Go also has a pretty strong tendency against "action at a distance". For example, even though methods are declared separately from types, it's illegal to declare a method in a different package from its receiver type. You can't just go adding methods to os.File.
If interfaces could provide methods (making them traits/roles) then any type that implemented an interface would gain a bunch of new methods out of nowhere. Someone reading the code and seeing those methods used probably have a hard time figuring out where they came from.
There's a problem with fragility — change the signature of a method that's required by an interface, and a bunch of other methods appear or disappear. In the case where they disappeared, it's not obvious where they "would have" come from. If types had to declare their intention to implement an interface then breaking the contract would prompt an error (and "accidentally" implementing an interface does nothing), but when interfaces are satisfied implicitly things are trickier.
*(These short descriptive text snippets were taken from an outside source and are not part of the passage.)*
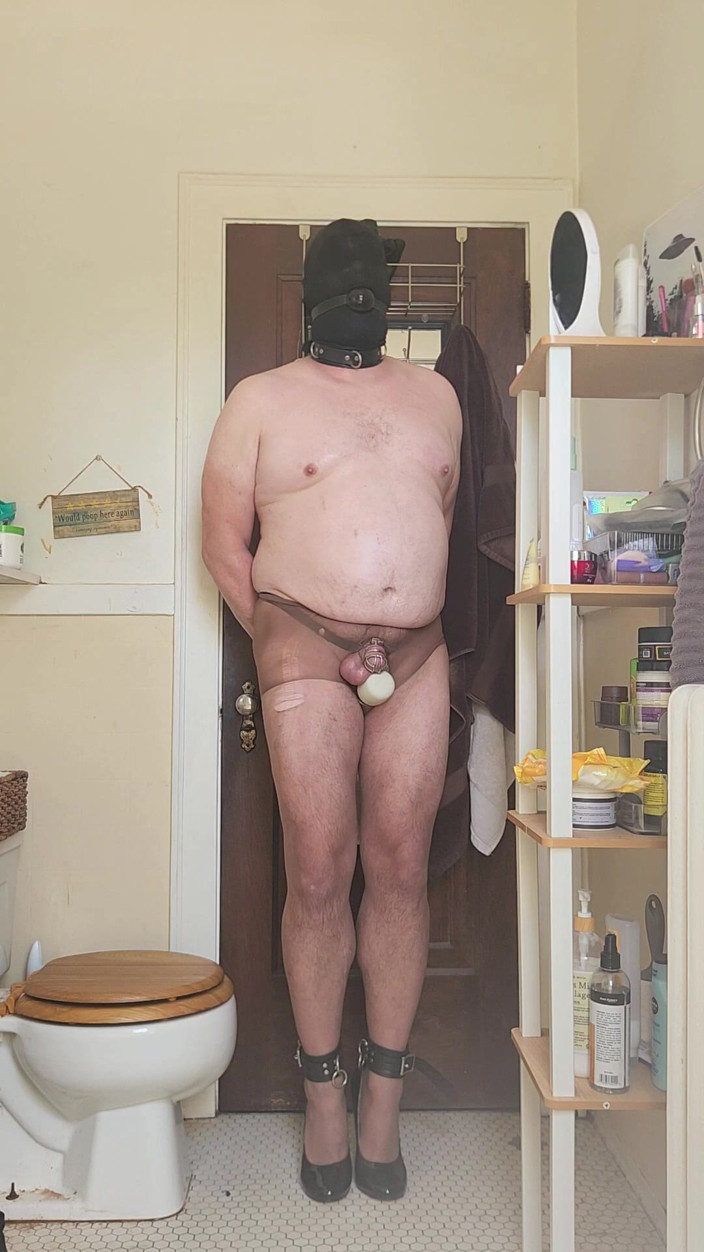 Nyronic: Slave Cums Hands-free in Chastity Cage and Heels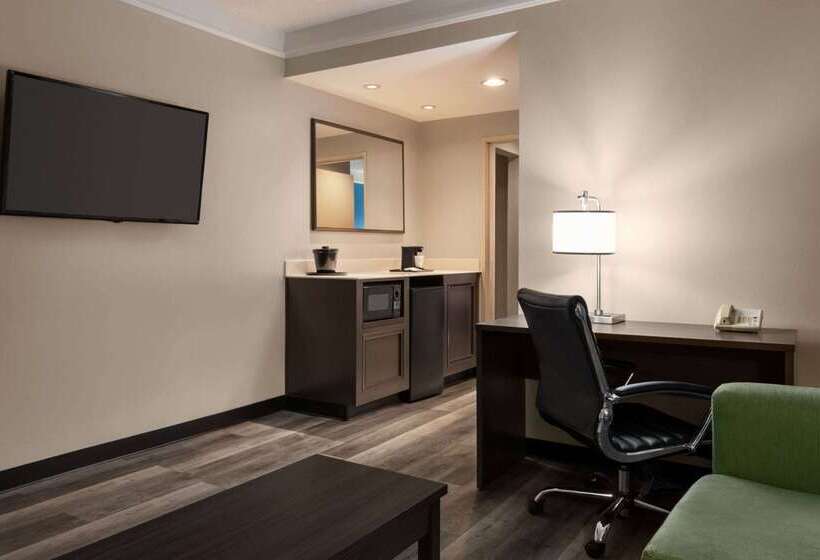 فندق La Quinta By Wyndham Madison American Center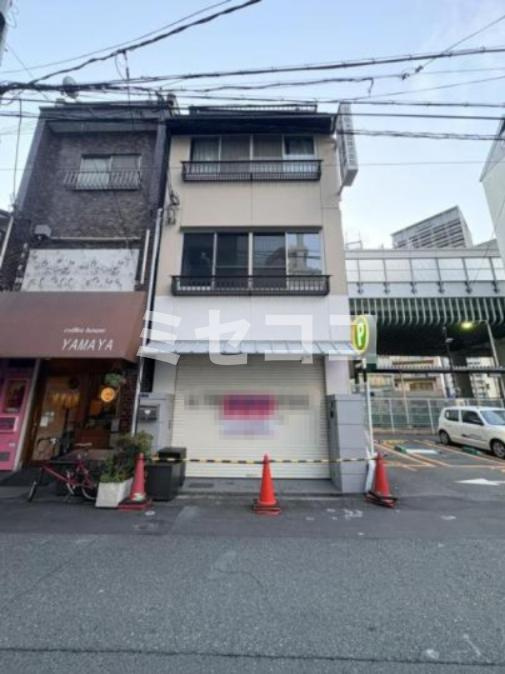 難波四丁目店舗付住宅の外観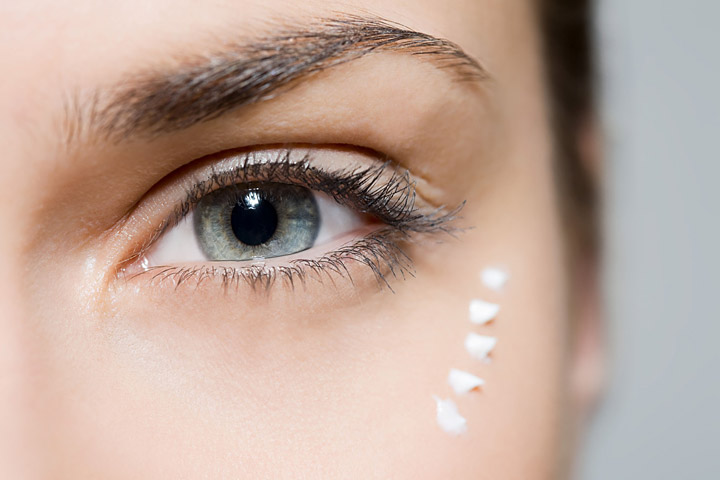 Make Your Own Homemade Anti-Aging Eye Cream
Worse, there could be name conflicts — an interface provides a method with the same name as a method provided by a type that implements that interface, or two interfaces both provide a method with the same name, and some type happens to implement both of those interfaces. Resolving that conflict is the kind of complication that Go really likes to avoid, and in a lot of cases there is no satisfying resolution.
Basically, it would be really cool if interfaces could provide methods — roles as composable units of behavior are cool, and mesh well with Go's composition-over-inheritance philosophy — but actually doing it would be too complicated and too action-at-a-distance-y for Go to contemplate.